# [RECORDS SUPPLIED]
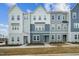 Modern townhome exteriors showcasing neutral color schemes, large windows, and landscaped front yards at 808 Hillfarm Dr, Wake Forest, NC 27587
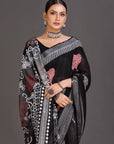 Woman wearing a black saree with white and red patterns on a gray background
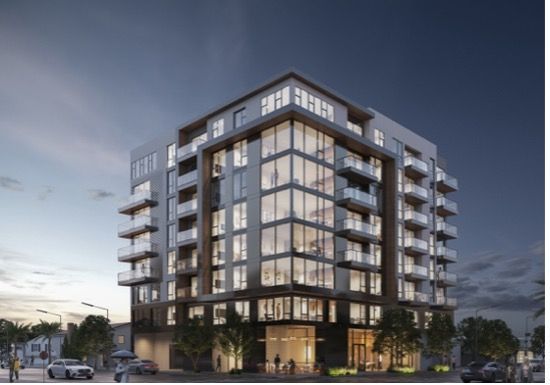 Woman with dark curly hair smiling. Wearing a light brown top.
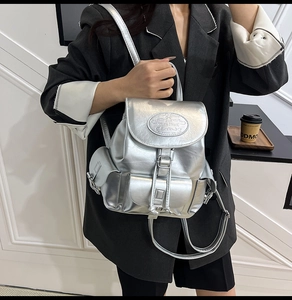 Detailed view of metallic silver backpack with drawstring and buckle closure on model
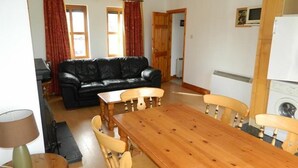 A dining area with a wooden table and chairs, a black leather sofa, and a kitchen area with a washing machine. - Kinsale No 6 (Kinsale)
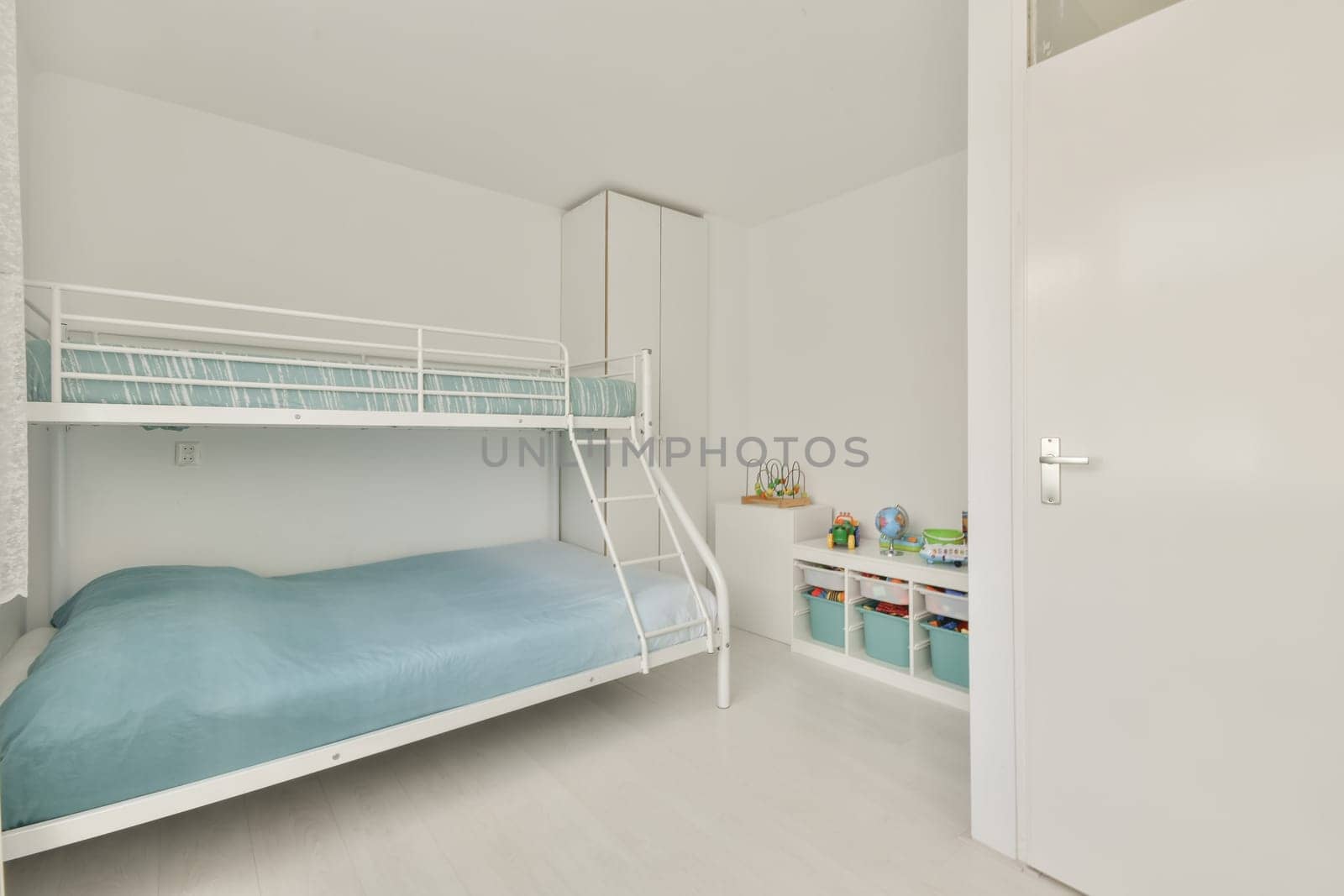 a children's room with bunks and storage space in the wall is white, there is a blue blanket on the bed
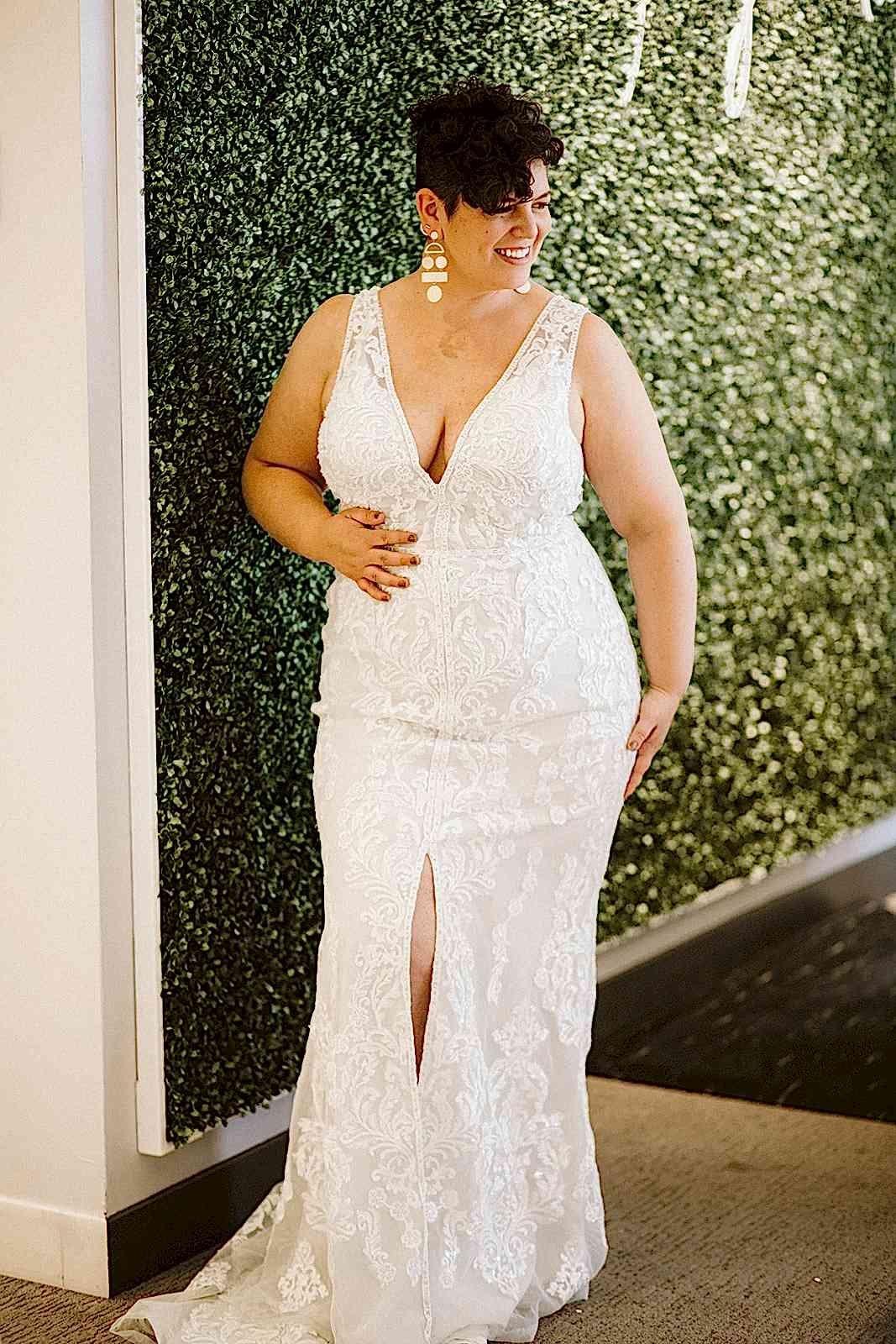 A curvy brunette woman wears a form-fitting sleeveless wedding gown with a plunge v-neckline and high center slit as she stands in front of a greenery wall at David's Bridal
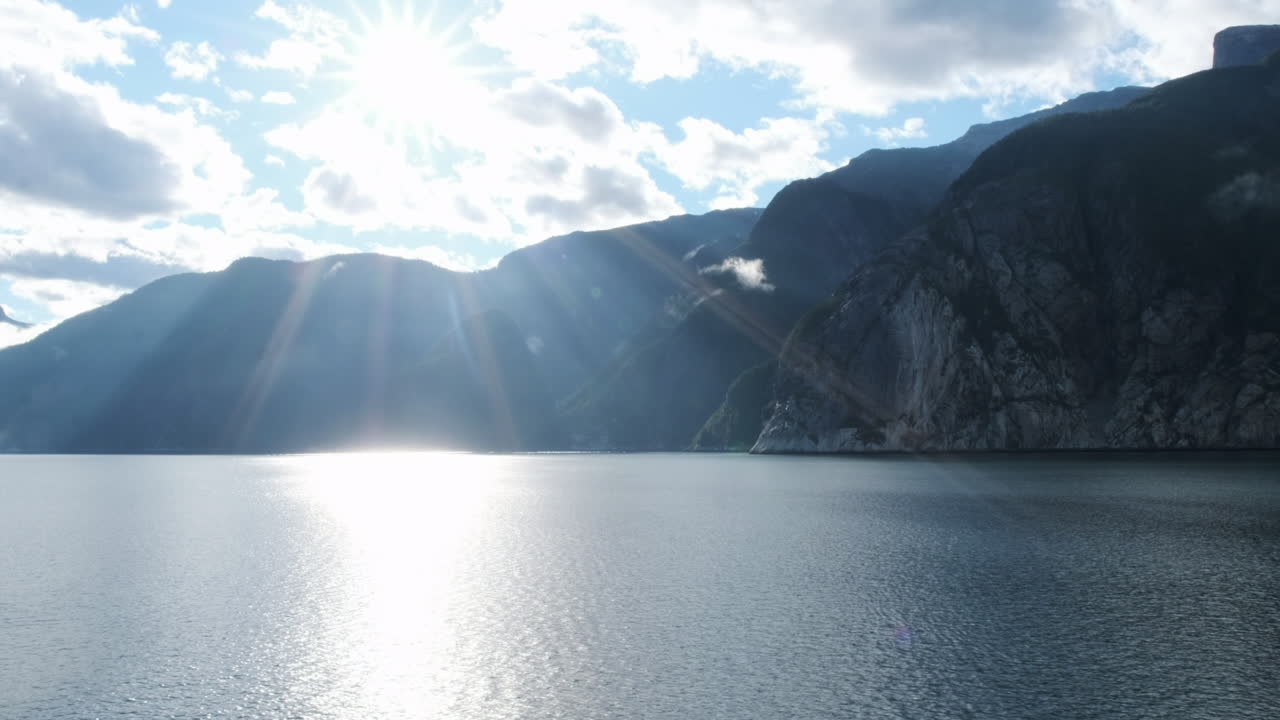 스펙트럼 태양이 바다를 비추고 화강암 절벽이 물에서 높이 솟아오른다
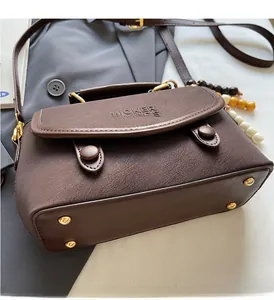 Detail of brown suede crossbody bag with gold hardware and side bead pendant on grey blazer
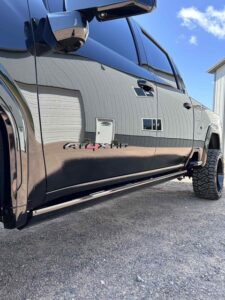 Shiny black truck with reflections and 'Cummins' badge on the door.
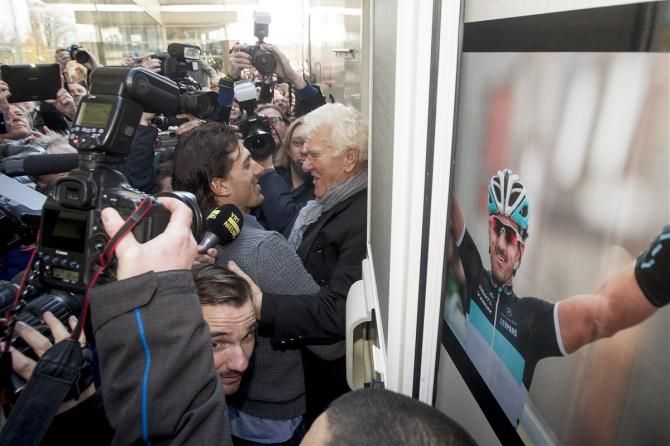 Fabian Cancellara is greeted by his Belgian fan club president Remi De Moor.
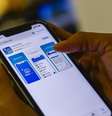 A movimentação da poupança social digital é feita pelo aplicativo Caixa Tem.  Foto: Marcello Casal Jr./Agência Brasil / Estadão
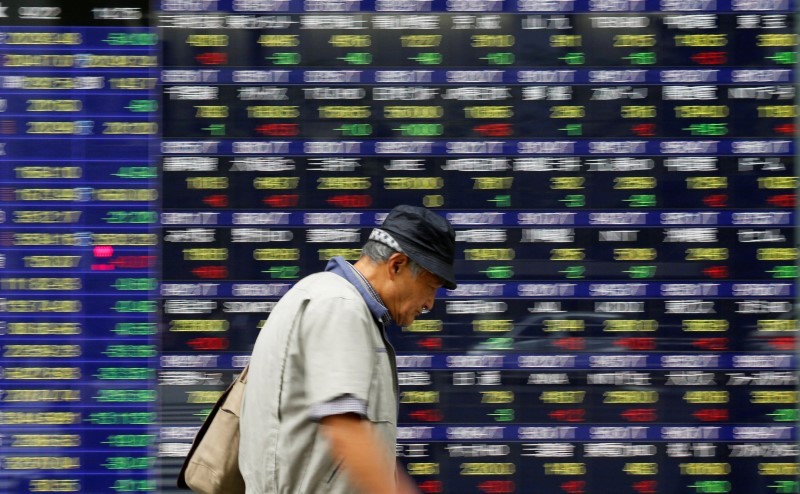 A man walks past an electronic stock quotation board outside a brokerage in Tokyo September 22, 2017. u00e2u20acu201d Reuters pic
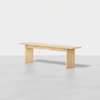 A simple, modern wooden bench with clean lines and a natural finish, placed on a light gray floor against a plain white background.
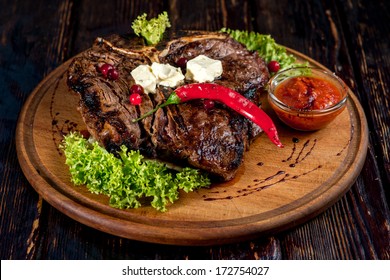 A Big Grilled Steak On A Wooden Plate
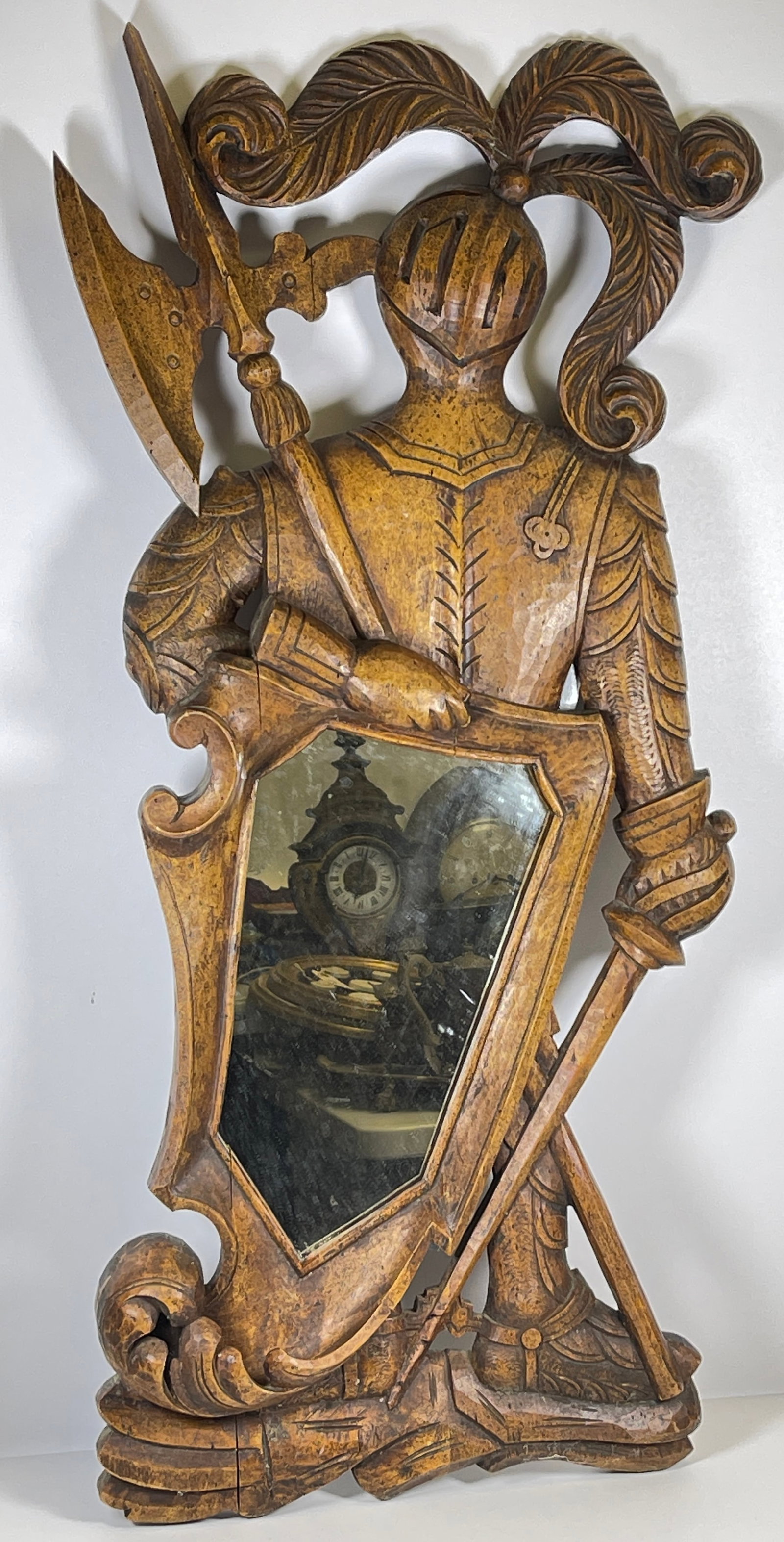 Hand Carved Wood Knight Conquistador Wall Mirror: Carved from solid wood, marked "Made in Spain". Mirror measures 31 inches high, 13 iches wide, about 2 inches deep. Overall good condition, please see photos.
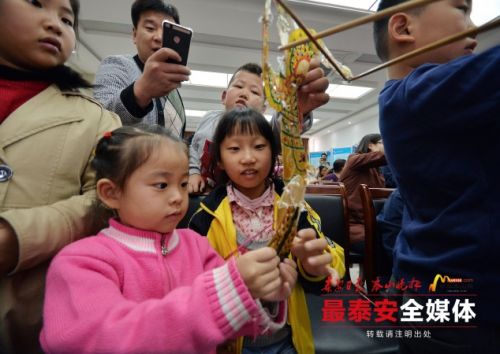 Youngsters play with puppets in Tai'an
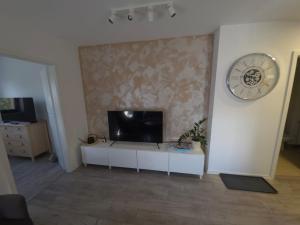 a living room with a tv and a clock on a wall at Cely's Ap Class Park in Târgovişte +10 photos
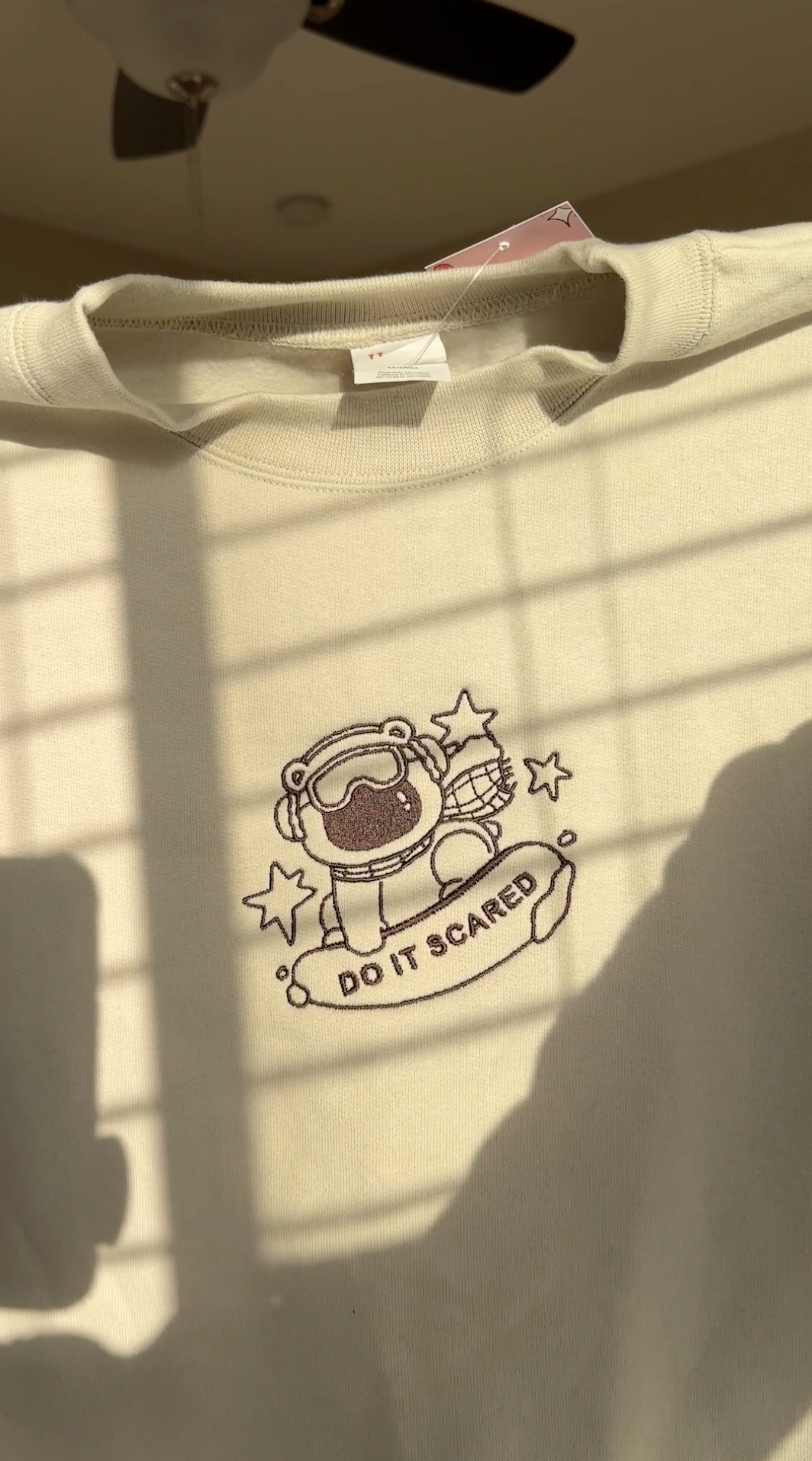 Close-up of polar bear embroidery with “Do It Scared” text stitched on a beige oversized sweatshirt, highlighting fine stitching and minimal linework.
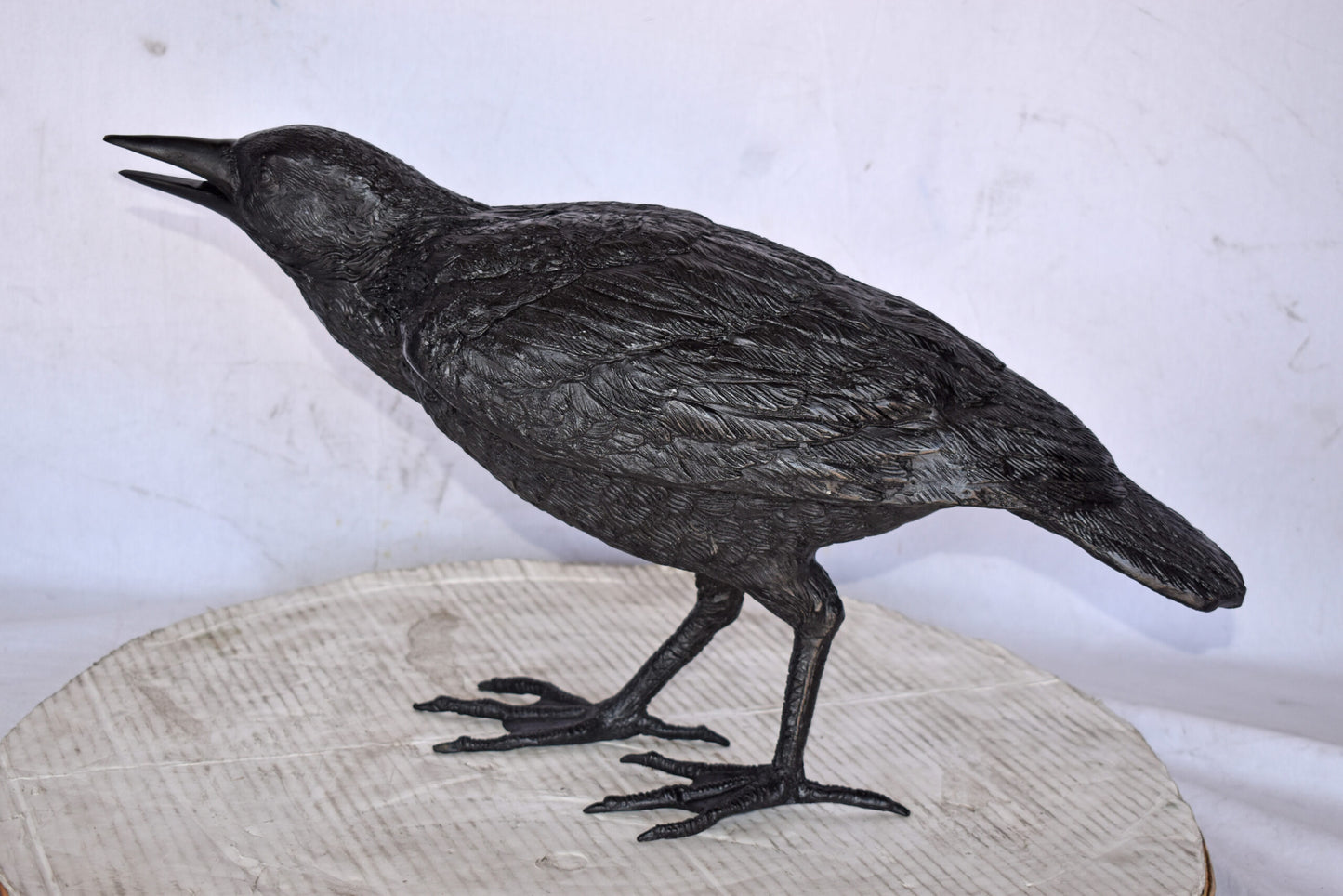 Raven Watching Forward Bronze State - Size: 22"L x 5"W x 7"H.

# [EXERCISE DIRECTIONS]
Each line from the start of the entries above through the line with "Fabian Cancellara is" should be duplicated exactly, leaving out the pictures.

# [COMPLETED EXERCISE]
 Modern townhome exteriors showcasing neutral color schemes, large windows, and landscaped front yards at 808 Hillfarm Dr, Wake Forest, NC 27587
 Woman wearing a black saree with white and red patterns on a gray background
 Woman with dark curly hair smiling. Wearing a light brown top.
 Detailed view of metallic silver backpack with drawstring and buckle closure on model
 A dining area with a wooden table and chairs, a black leather sofa, and a kitchen area with a washing machine. - Kinsale No 6 (Kinsale)
 a children's room with bunks and storage space in the wall is white, there is a blue blanket on the bed
 A curvy brunette woman wears a form-fitting sleeveless wedding gown with a plunge v-neckline and high center slit as she stands in front of a greenery wall at David's Bridal
 스펙트럼 태양이 바다를 비추고 화강암 절벽이 물에서 높이 솟아오른다
 Detail of brown suede crossbody bag with gold hardware and side bead pendant on grey blazer
 Shiny black truck with reflections and 'Cummins' badge on the door.
 Fabian Cancellara is greeted by his Belgian fan club president Remi De Moor.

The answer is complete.